A complete, exact copy of the records below is the required result.

╭──

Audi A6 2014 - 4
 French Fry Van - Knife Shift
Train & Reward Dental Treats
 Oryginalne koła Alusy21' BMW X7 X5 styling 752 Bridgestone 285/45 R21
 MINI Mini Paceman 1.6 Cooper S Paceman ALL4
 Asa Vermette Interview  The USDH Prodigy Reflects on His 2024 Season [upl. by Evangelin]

╰──

> [ANSWER SPACE]
Audi A6 2014 - 4
 French Fry Van - Knife Shift
Train & Reward Dental Treats
 Oryginalne koła Alusy21' BMW X7 X5 styling 752 Bridgestone 285/45 R21
 MINI Mini Paceman 1.6 Cooper S Paceman ALL4
 Asa Vermette Interview  The USDH Prodigy Reflects on His 2024 Season [upl. by Evangelin]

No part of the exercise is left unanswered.